→ INSTRUCTIONS TO FOLLOW
Your answer should be the lines below from the one holding "Сербская девочка с" through the one holding "Representação visual da", copied exactly and with nothing else.

→ RECORDS FOR THIS TASK
····················
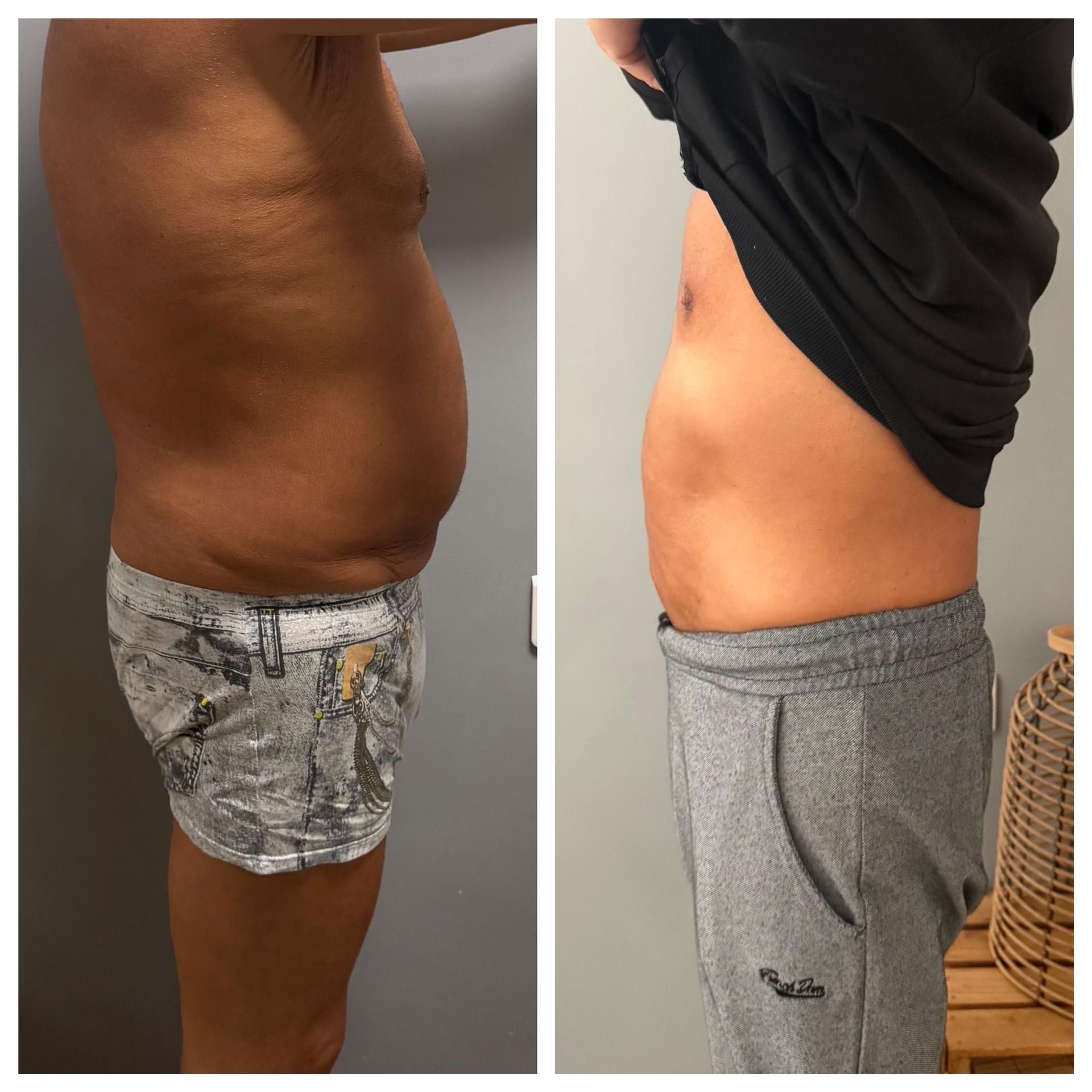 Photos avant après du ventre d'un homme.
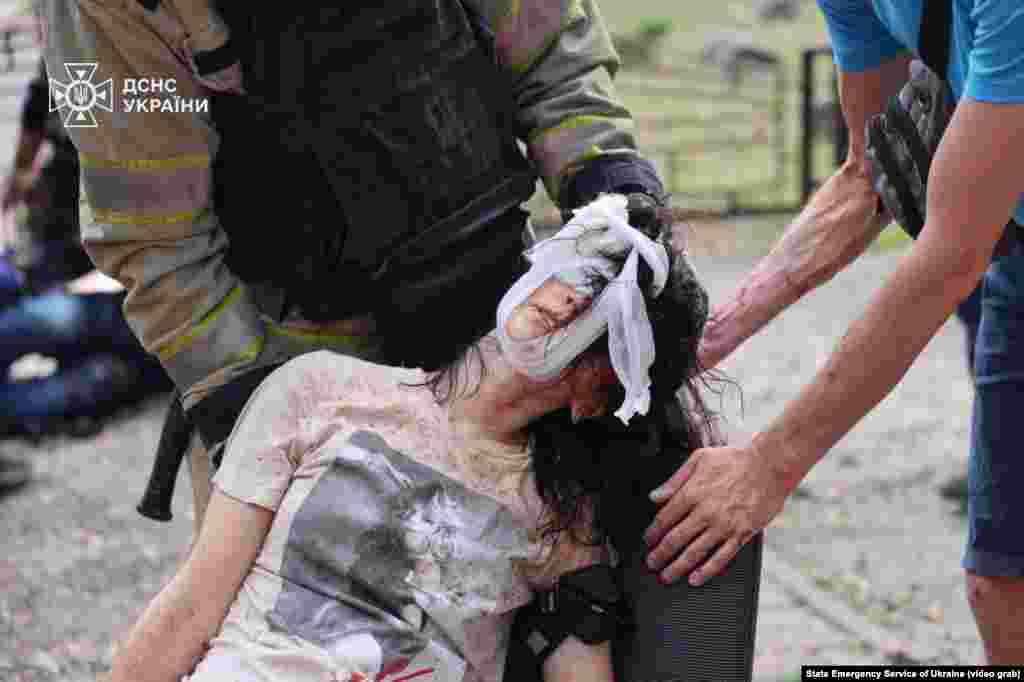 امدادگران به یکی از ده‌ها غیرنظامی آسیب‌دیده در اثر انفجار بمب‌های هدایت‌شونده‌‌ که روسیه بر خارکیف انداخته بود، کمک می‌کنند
····················
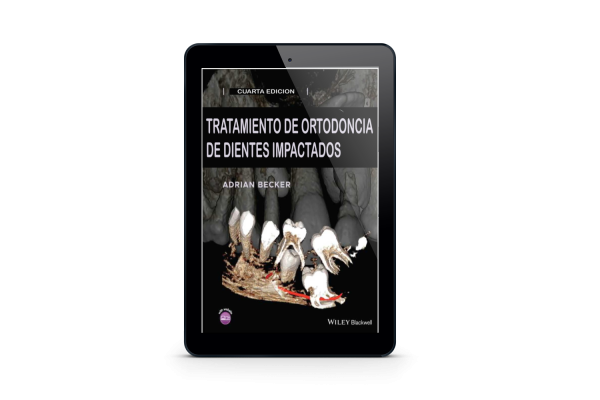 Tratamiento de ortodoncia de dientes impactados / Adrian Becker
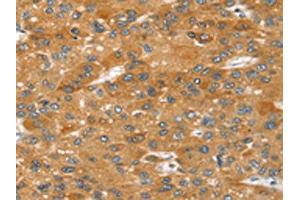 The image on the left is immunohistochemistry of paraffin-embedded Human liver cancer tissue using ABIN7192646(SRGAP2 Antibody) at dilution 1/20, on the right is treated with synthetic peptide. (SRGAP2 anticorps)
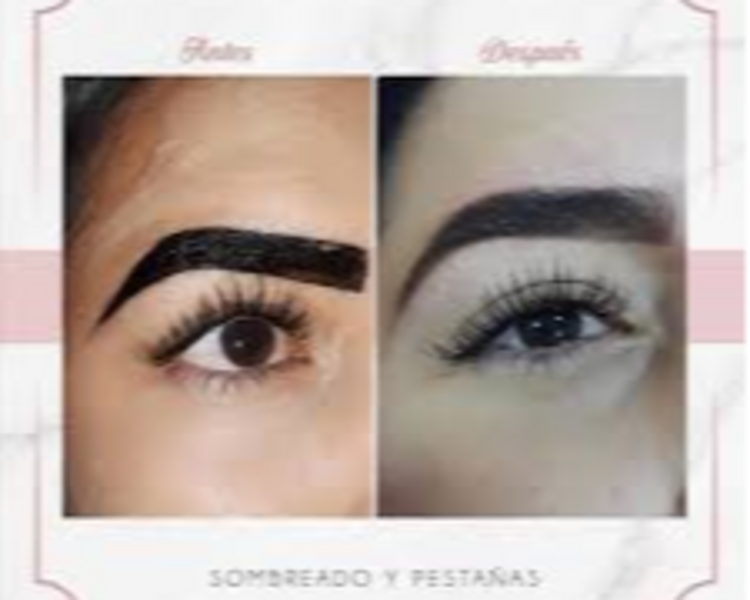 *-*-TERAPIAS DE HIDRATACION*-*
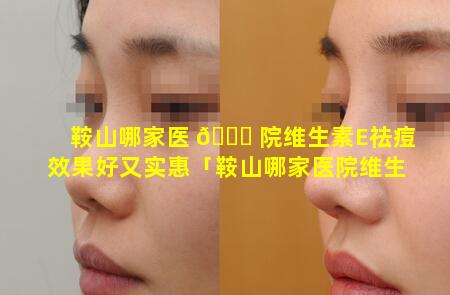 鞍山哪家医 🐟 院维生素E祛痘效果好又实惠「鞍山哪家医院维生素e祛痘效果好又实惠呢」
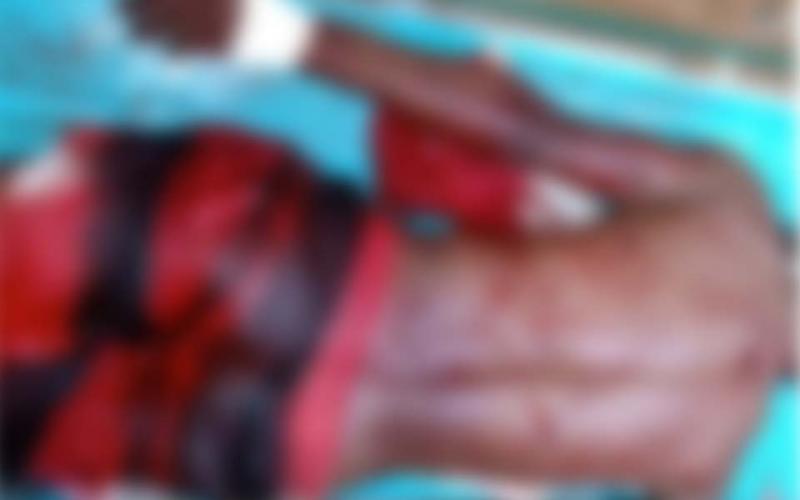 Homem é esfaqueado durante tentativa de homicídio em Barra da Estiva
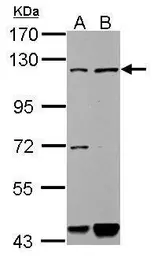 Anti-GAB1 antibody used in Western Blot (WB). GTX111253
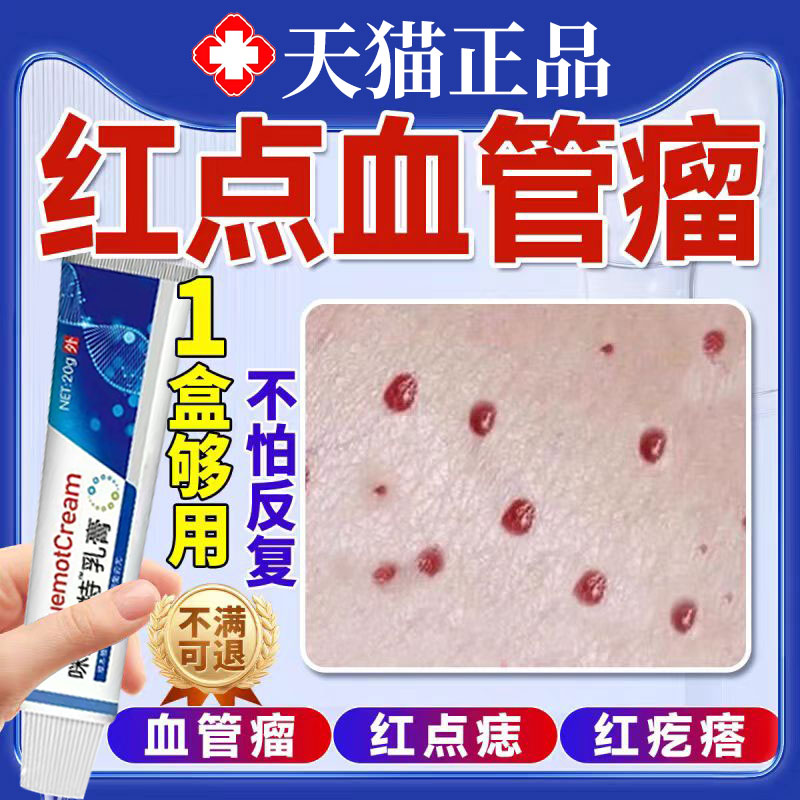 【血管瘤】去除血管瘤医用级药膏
····················
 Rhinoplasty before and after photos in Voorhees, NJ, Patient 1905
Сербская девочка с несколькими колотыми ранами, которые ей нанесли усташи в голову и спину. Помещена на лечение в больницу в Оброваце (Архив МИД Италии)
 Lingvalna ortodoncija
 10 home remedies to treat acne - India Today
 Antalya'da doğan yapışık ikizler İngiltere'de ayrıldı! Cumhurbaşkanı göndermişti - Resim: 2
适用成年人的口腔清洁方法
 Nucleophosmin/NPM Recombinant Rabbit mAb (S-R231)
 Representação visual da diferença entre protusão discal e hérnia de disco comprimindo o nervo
····················
→ TASK SOLUTION
Сербская девочка с несколькими колотыми ранами, которые ей нанесли усташи в голову и спину. Помещена на лечение в больницу в Оброваце (Архив МИД Италии)
 Lingvalna ortodoncija
 10 home remedies to treat acne - India Today
 Antalya'da doğan yapışık ikizler İngiltere'de ayrıldı! Cumhurbaşkanı göndermişti - Resim: 2
适用成年人的口腔清洁方法
 Nucleophosmin/NPM Recombinant Rabbit mAb (S-R231)
 Representação visual da diferença entre protusão discal e hérnia de disco comprimindo o nervo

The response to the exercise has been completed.